Exercise: Omit the pictures and reproduce the rest of the listing exactly.

Data segment:
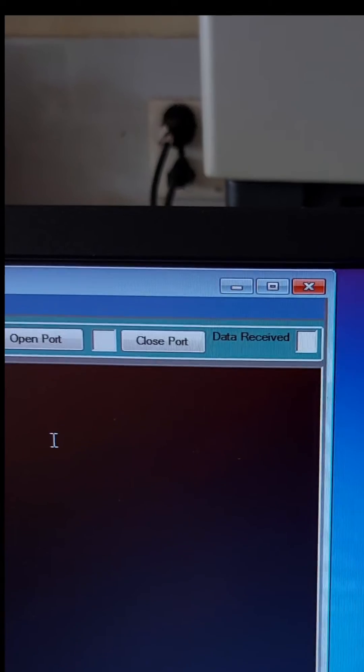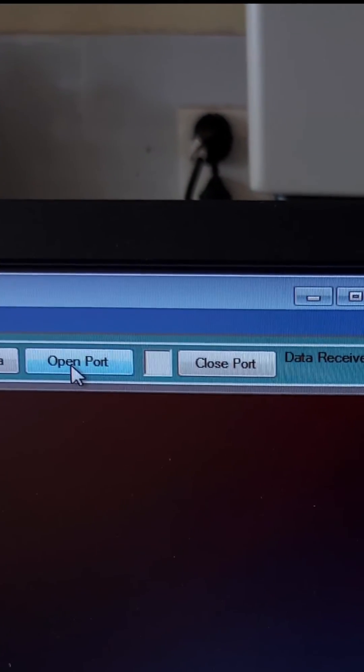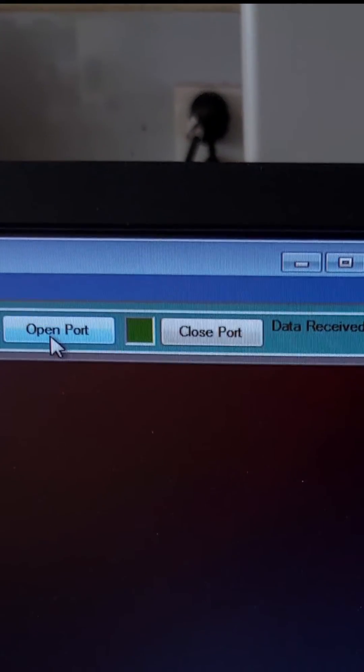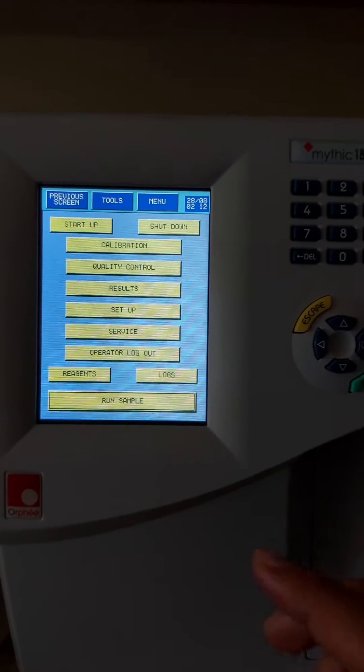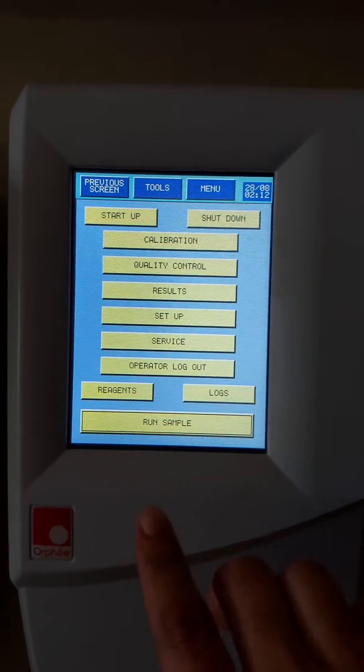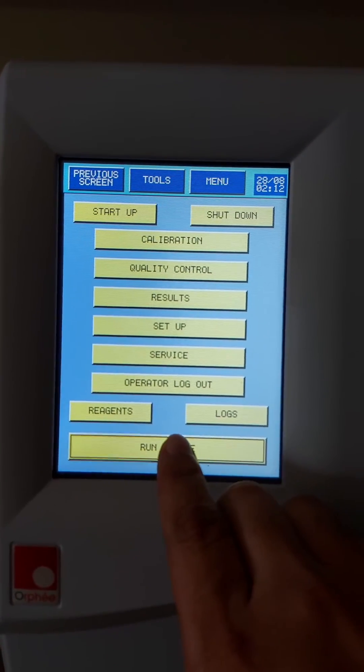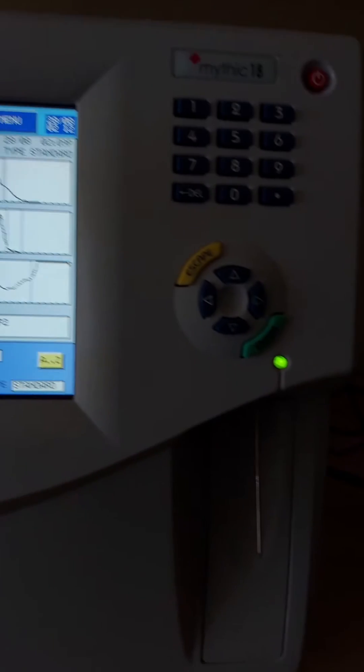Now we will press the open port button and make sure the green signal is on. When our sample is ready for analysis, we will hit the run sample button.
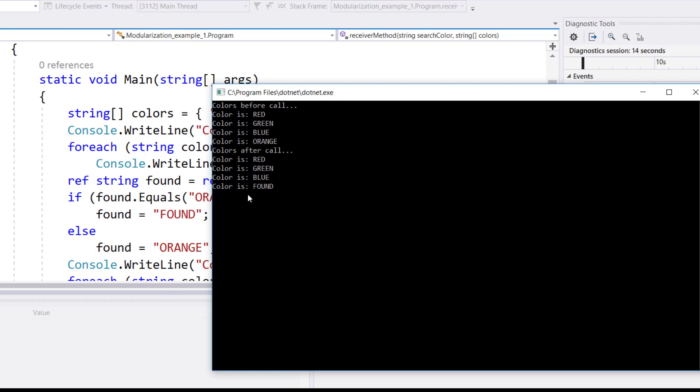You can do this with ints, doubles, floats, any of these types, and it works exactly the same way. A cool feature in C-sharp programming. Thank you for watching. Have a great one.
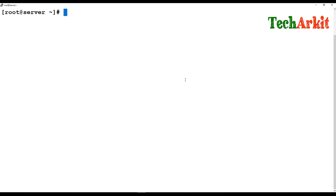You may have already created some users but you want to change some settings — move the home directory from one location to another, change the login name, lock or unlock the user, or change password aging details. You can do all of that using the `usermod` command, which modifies the system account files to reflect the changes specified on the command line.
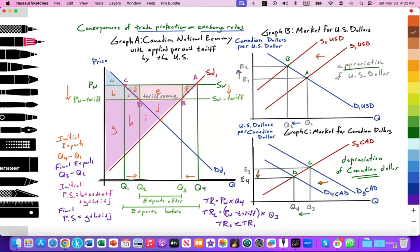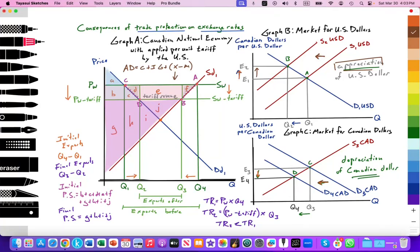Let's connect this to the exchange rate. Aggregate demand equals C plus I plus G plus X minus M. That U.S. tariff is going to reduce Canadian exports. That reduction in Canadian exports leads in Graph B to the reduced supply of U.S. dollars, because Americans will be supplying less of their dollars into the foreign exchange — causing the supply of U.S. dollars to decrease from S1 to S2, causing its value to increase from E1 to E2. So that is an appreciation of the U.S. dollar. And because Canadians will be exporting less to the United States, there'll be reduced demand for Canadian exports, leading to reduced demand for the Canadian currency. So in Graph C, demand for the currency decreases from D3 to D4, reducing its value from E3 to E4, causing a depreciation of the Canadian dollar.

Exercise output:
Now we will press the open port button and make sure the green signal is on. When our sample is ready for analysis, we will hit the run sample button.
You can do this with ints, doubles, floats, any of these types, and it works exactly the same way. A cool feature in C-sharp programming. Thank you for watching. Have a great one.
You may have already created some users but you want to change some settings — move the home directory from one location to another, change the login name, lock or unlock the user, or change password aging details. You can do all of that using the `usermod` command, which modifies the system account files to reflect the changes specified on the command line.
Let's connect this to the exchange rate. Aggregate demand equals C plus I plus G plus X minus M. That U.S. tariff is going to reduce Canadian exports. That reduction in Canadian exports leads in Graph B to the reduced supply of U.S. dollars, because Americans will be supplying less of their dollars into the foreign exchange — causing the supply of U.S. dollars to decrease from S1 to S2, causing its value to increase from E1 to E2. So that is an appreciation of the U.S. dollar. And because Canadians will be exporting less to the United States, there'll be reduced demand for Canadian exports, leading to reduced demand for the Canadian currency. So in Graph C, demand for the currency decreases from D3 to D4, reducing its value from E3 to E4, causing a depreciation of the Canadian dollar.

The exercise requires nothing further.